The next three letters specify how the group members of the
file can access the file. In Line 4, for example, all students
can read and write the file \pcode{report.txt}. Finally the
last three letters specify how everybody else can access a
file. This should all be relatively familiar and
straightforward. No?

There are already some special rules for directories and
links. If the execute attribute of a directory is \emph{not}
set, then one cannot change into the directory and one cannot
access any file inside it. If the write attribute is
\emph{not} set, then one can change existing files (provided
they are changeable), but one cannot create new files. If the
read attribute is \emph{not} set, one cannot search inside the
directory (\pcode{ls -la} does not work) but one can access an
existing file, provided one knows its name. Links to files
never depend on the permission of the link, but the file they
are pointing to. Otherwise one could easily change access
rights to files.

While the above might sound already moderately complicated,
the real complications with Unix-style file permissions
involve the setuid and setgid attributes. For example the file
\pcode{microedit} in Line 5 has the setuid attribute set
(indicated by the \pcode{s} in place of the usual \pcode{x}).

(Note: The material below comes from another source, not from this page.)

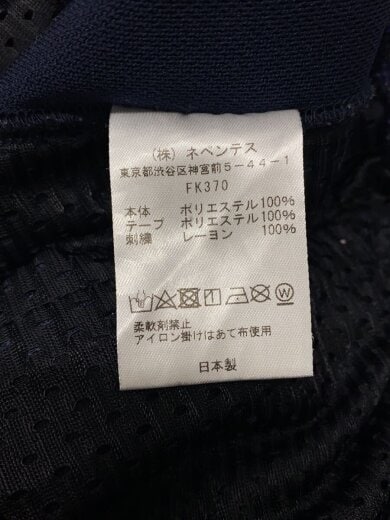 商品画像：ボトム/S/ポリエステル/BLK/無地/FK370// 5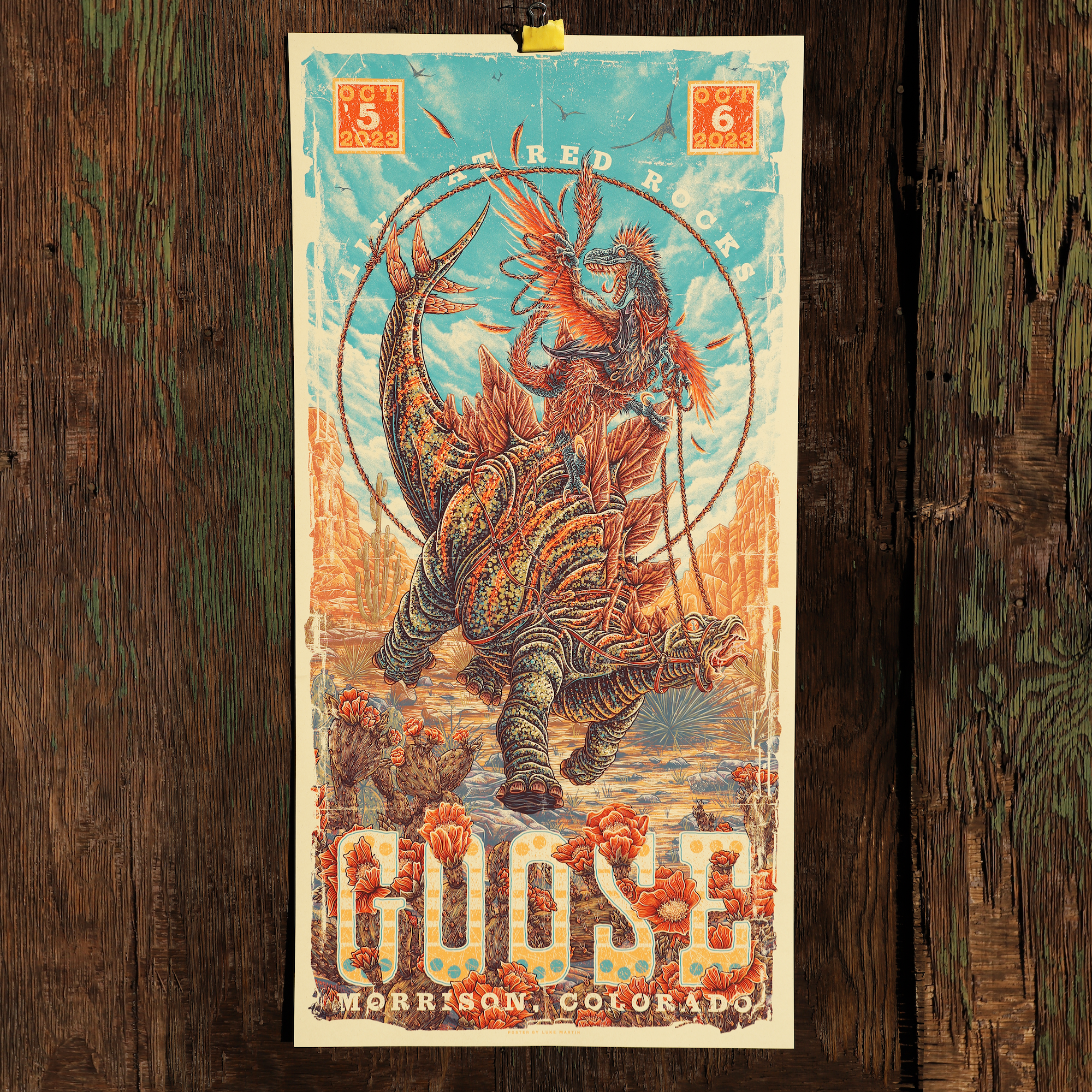 Goose Red Rocks GOOSE RED ROCKS 2023 — LUKEMART.COM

The purpose of setuid and setgid is to solve the following
puzzle: The program \pcode{passwd} allows users to change
their passwords. Therefore \pcode{passwd} needs to have write
access to the file \pcode{/etc/passwd}. But this file cannot
be writable for every user, otherwise anyone can set anyone
else's password. So changing securely passwords cannot be
achieved with the simple Unix access rights discussed so far.
While this situation might look like an anomaly, it is in fact
an often occurring problem. For example looking at current
active processes with \pcode{/bin/ps} requires access to
internal data structures of the operating system, which only
root should have access to. In fact any of the following
actions cannot be configured for single users, but need
privileged root access

\begin{itemize}
\item changing system databases (users, groups, routing tables
and so on)
\item opening a network port below 1024
\item interacting with peripheral hardware, such as printers, 
harddisk etc
\item overwriting operating system facilities, like
process scheduling and memory management
\end{itemize}

\noindent This will typically involve quite a lot of programs
on a Unix system. I counted 90 programs with the setuid
attribute set on my bog-standard Mac OSX system (including the
program \pcode{/usr/bin/login}). The problem is that if there
is a security problem with only one of them, be it a buffer
overflow for example, then malicious users can gain root
access (and for outside attackers it is much easier to take
over a system). Unfortunately it is rather easy to cause a
security problem since the handling of elevating and dropping
access rights in such programs rests entirely with the
programmer.

The fundamental idea behind the setuid attribute is that a
file will be able to run not with the callers access rights,
but with the rights of the owner of the file. So
\pcode{/usr/bin/login} will always be running with root access
rights, no matter who invokes this program. The problem is
that this entails a rather complicated semantics of what the
identity of a process (that runs the program) is. One would
hope there is only one such ID, but in fact Unix distinguishes
three(!):

\begin{itemize}
\item \emph{real identity}\\ 
This is the ID of the user who creates 
the process; can only be changed to something else by root. 
\item \emph{effective identity}\\ 
This is the ID that is used to 
grant or deny access to a resource; can be changed to either
the real identity or saved identity by users, can be changed 
to anything by root.
\item \emph{saved identity}\\
If the setuid bit set in a file then the process is started
with the real identity of the user who started the program,
and the identity of the owner of the program as effective and
saved identity. If the setuid bit is not set, then the
saved identity will be the real identity. 
\end{itemize}

\noindent As an example consider again the \pcode{passwd}
program. When started by, say the user \pcode{foo}, it has at
the beginning the identities:

\begin{itemize}
\item \emph{real identity}: \pcode{foo}\\
\emph{effective identity}: \pcode{foo}\\ 
\emph{saved identity}: \pcode{root}
\end{itemize}

\noindent It is then allowed to change the effective
identity to the saved identity to have

\begin{itemize}
\item \emph{real identity}: \pcode{foo}\\
\emph{effective identity}: \pcode{root}\\ 
\emph{saved identity}: \pcode{root}
\end{itemize}

\noindent It can now read and write the file
\pcode{/etc/passwd}. After finishing the job it is supposed to
drop the effective identity back to \pcode{foo}. This is the
responsibility of the programmers who wrote \pcode{passwd}.
Notice that the effective identity is not automatically
elevated to \pcode{root}, but the program itself must make
this change. After it has done the work, the effective
identity should go back to the real identity.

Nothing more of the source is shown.